Les observateurs pensent que le scrutin pourrait marquer la fin d'une ère: pour la première fois depuis le retour du multipartisme, le PSD, héritier du communisme et à la base électorale plutôt rurale et âgée, n'est pas assuré d'être présent au second tour.

Le parti social-démocrate a été contesté ces dernières années par un large mouvement de protestation pour sa résistance à lutter contre la corruption et ses attaques contre l’indépendance de la justice. Comment cette mobilisation anti-PSD va-t-elle se traduire dans les urnes ?

« Toutes ces manifestations étaient finalement dans la rue, où se sont retrouvés des groupes de gens, des individus très hétéroclites, répond de Silvia Marton, maître de conférences en sciences politiques à l’université de Bucarest. Il n’y a pas eu un parti politique pour mettre en parole la revendication de la rue. Ce discours anticorruption est maintenant partout : chez tous les partis de droite, Iohannis et son parti, Barna. »

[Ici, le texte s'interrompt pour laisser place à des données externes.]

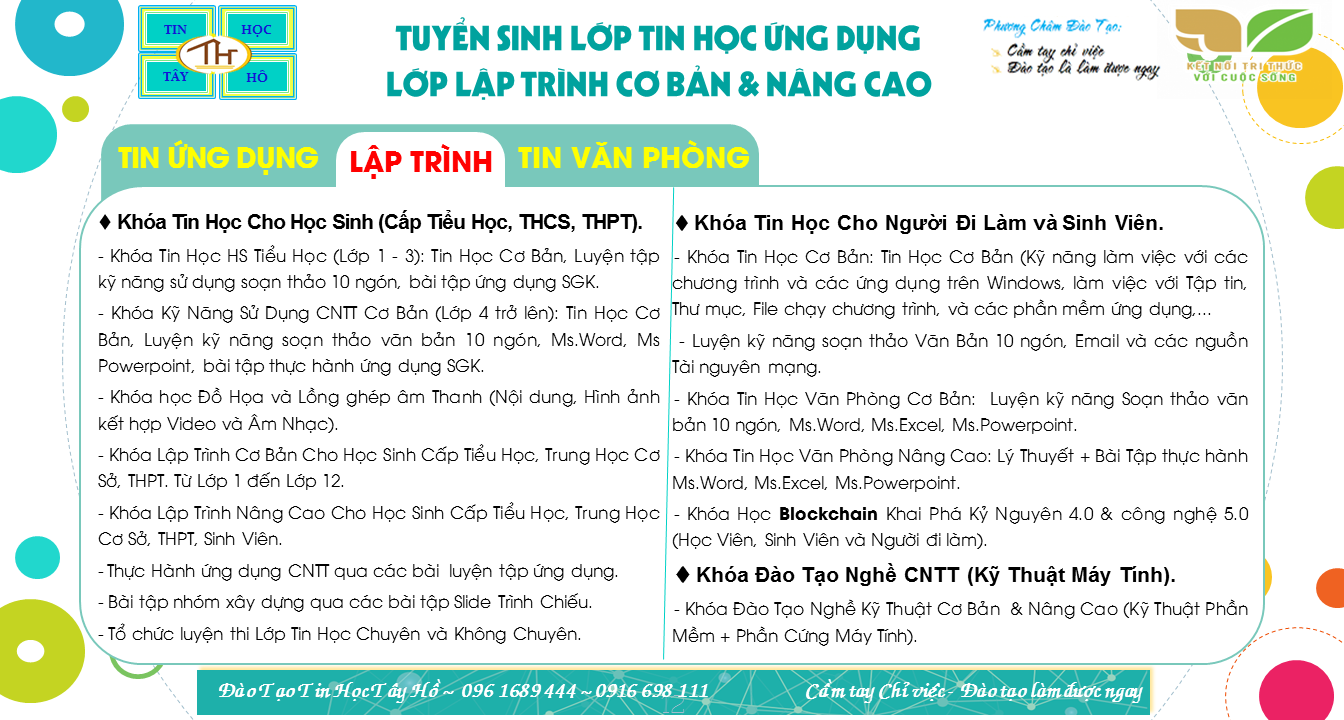 Địa Chỉ Trung Tâm Dạy Tin Học Văn Phòng Ở Hà Nội 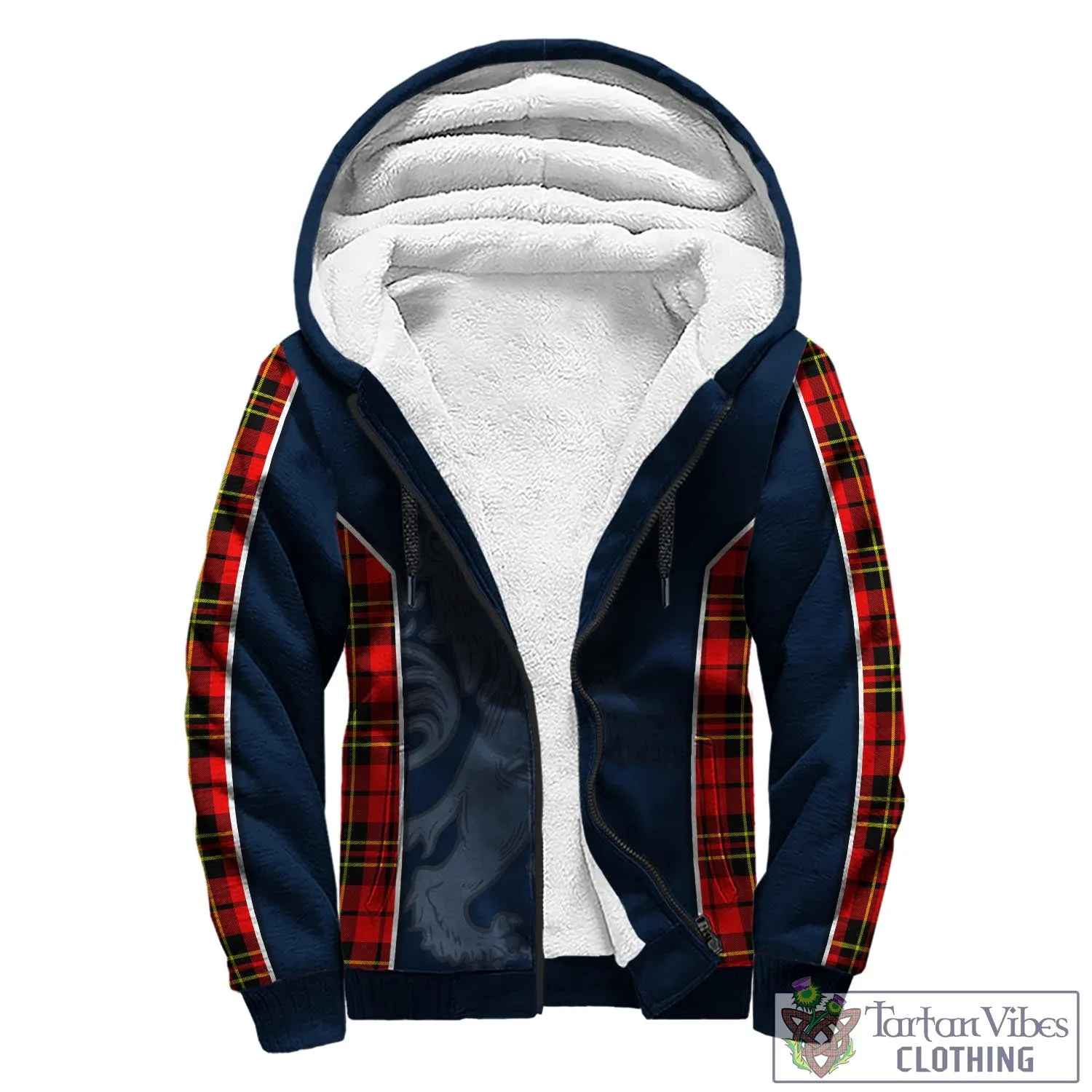 Brodie Modern Tartan Sherpa Hoodie with Family Crest and Lion Rampant Vibes Sport Style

« À mon avis, cette rue ne va certainement pas voter pour le candidat du Parti social-démocrate. Ça, oui. Mais pour qui la rue va voter ? Les trois autres, à part Dancila, la Première ministre sortante, tous peuvent s’attendre légitimement à revendiquer le vote de la rue », poursuit cette dernière.

Ce pays de 19,7 millions d'habitants s'est, néanmoins, nettement moins teinté de nationalisme que la Hongrie ou la Pologne.